Charitable giving can become an important aspect of the lives of many retirees. After working hard and saving diligently throughout your career, perhaps you want to give back to your community and the causes you care about. There are many potential benefits to giving in retirement, such as supporting meaningful charities, income tax benefits, and potential estate tax benefits. Alongside the benefits, there are important considerations in choosing how to give, what to give, and who to give to. Here, we’ll explore the basics of charitable giving with a particular emphasis on retirees.

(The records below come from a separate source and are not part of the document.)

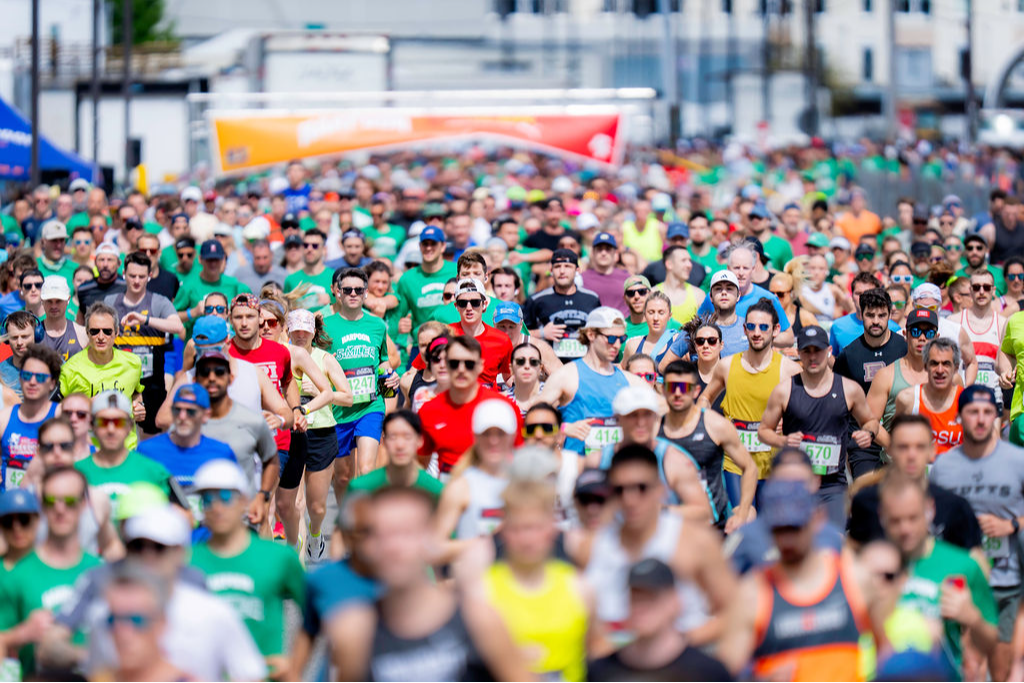 A large crowd of runners in athletic gear participates in an outdoor race event on a city street.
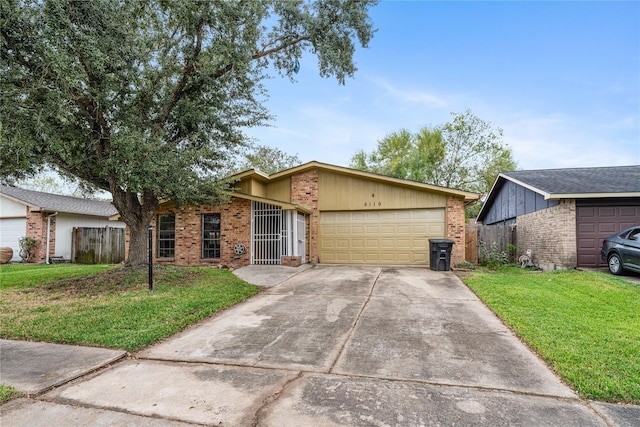 single story home featuring a front yard and a garage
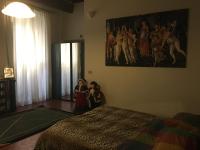 A bed or beds in a room at Al Borgo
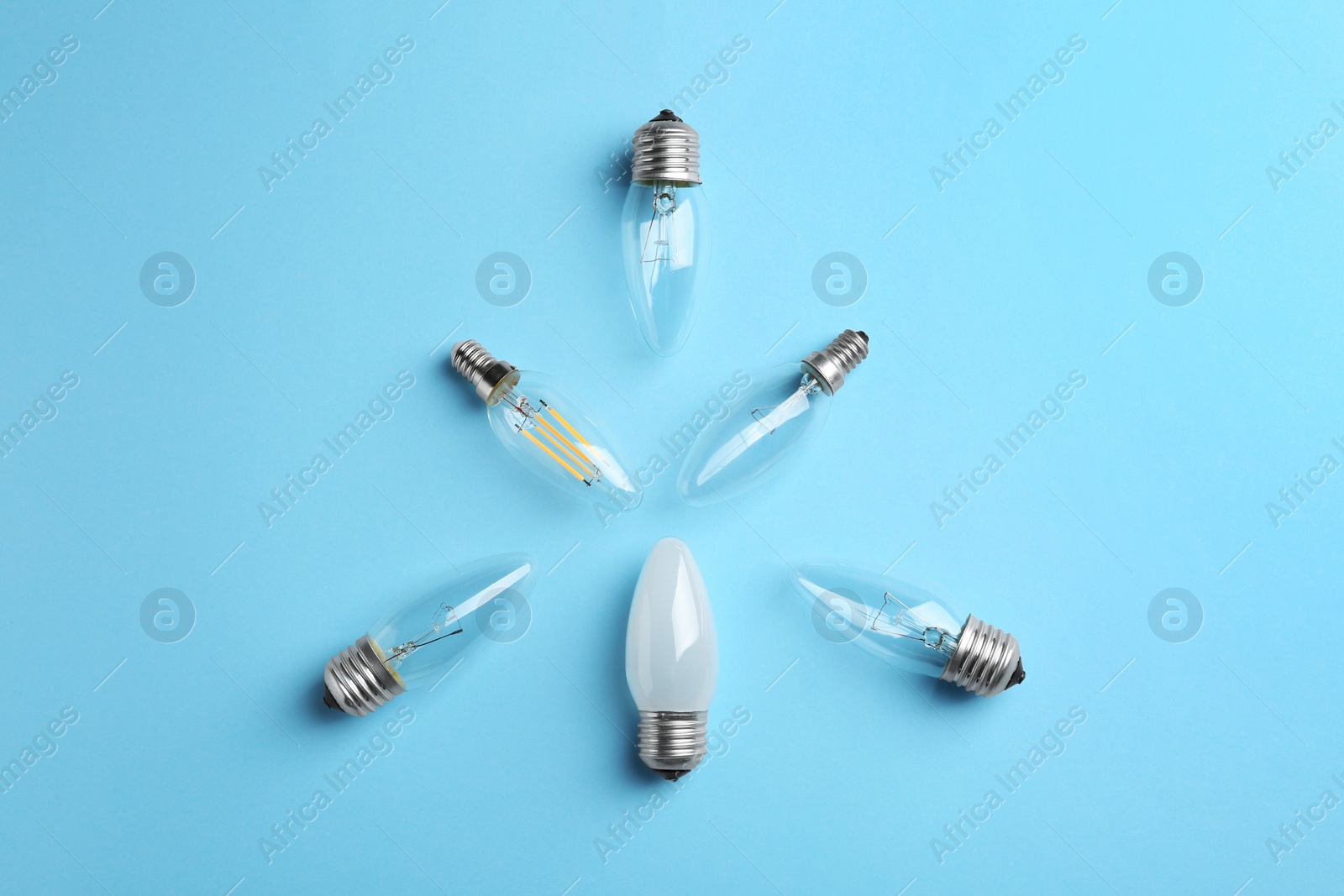 Photo of Different lamp bulbs on light blue background, flat lay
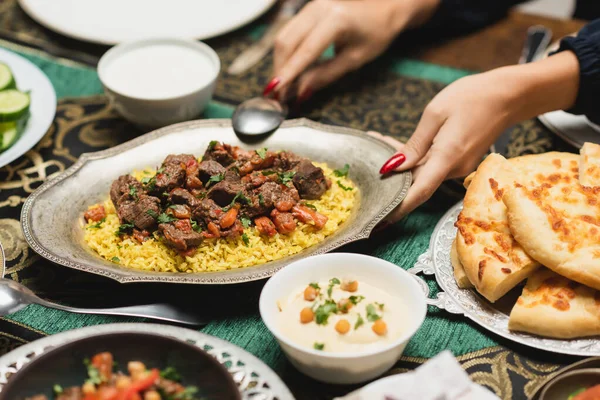 Cropped view of muslim woman putting pilaf on table during iftar at home — Stock Photo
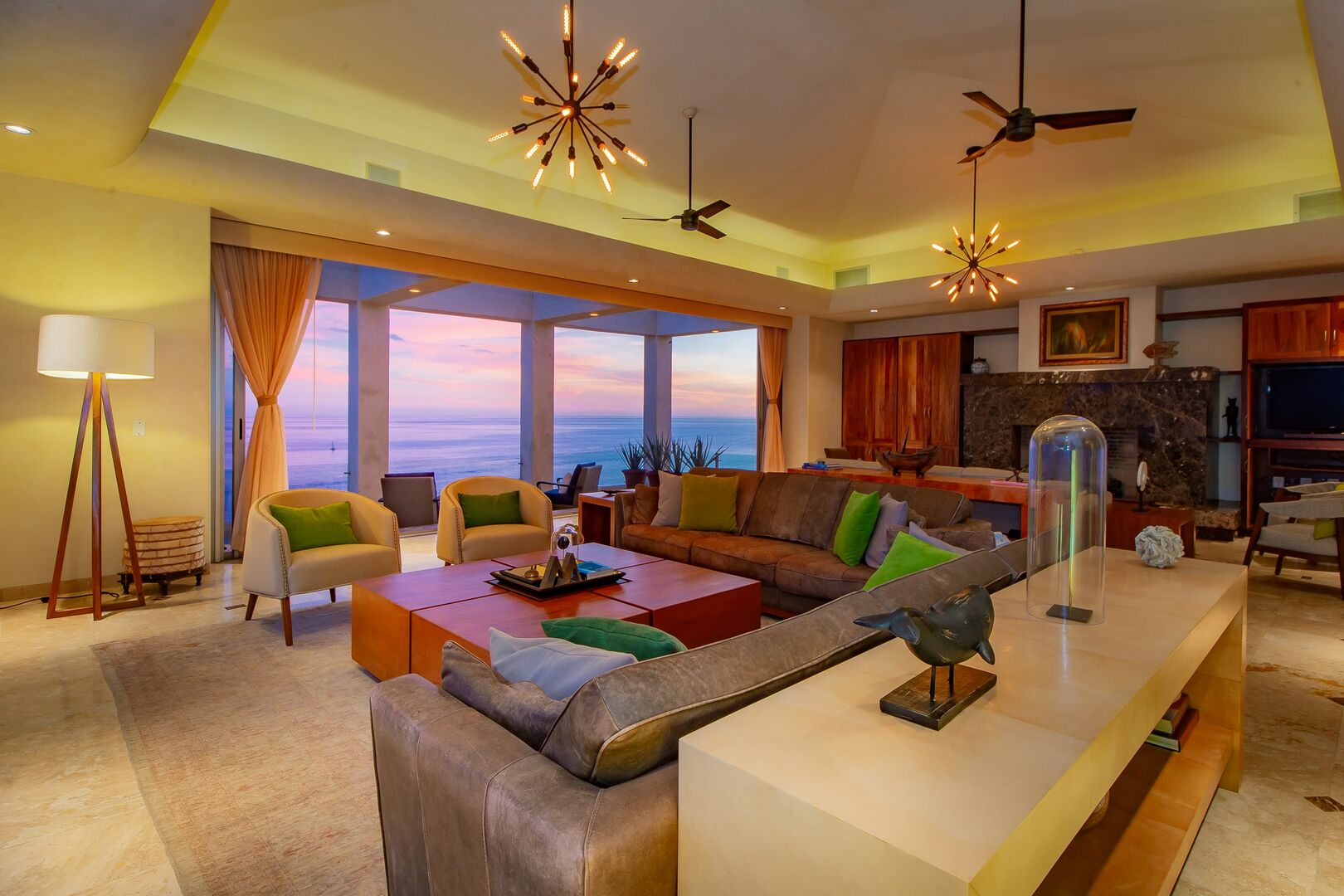 A large living room with a big sectional couch and a view of the ocean through the windows.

Why give in the first place?

If you are a charitably inclined individual, the benefits of giving can go beyond the benefit that you give to the charities you give to – there are tax and estate benefits for you as a donator! Charitable gifts can reduce your tax burden through tax deductions, or potentially avoid them altogether by directly gifting assets with large gains. Further, if you have a potentially large estate there are a variety of mechanisms to remove money from your estate while ensuring that you have a say in how your charitable gift is used.

Beyond the scope of the financial benefits it can bring to one’s financial world, charitable giving has a host of intangible benefits as well. Many retirees get a great deal of satisfaction from giving, particularly if they give both time and money. You can help see your community grow by donating to local causes, such as food banks or local schools. Many people like to give to their Alma Maters too! Whatever charity or cause you decide to give to, you can leave a legacy of improving the world around you even with small donations!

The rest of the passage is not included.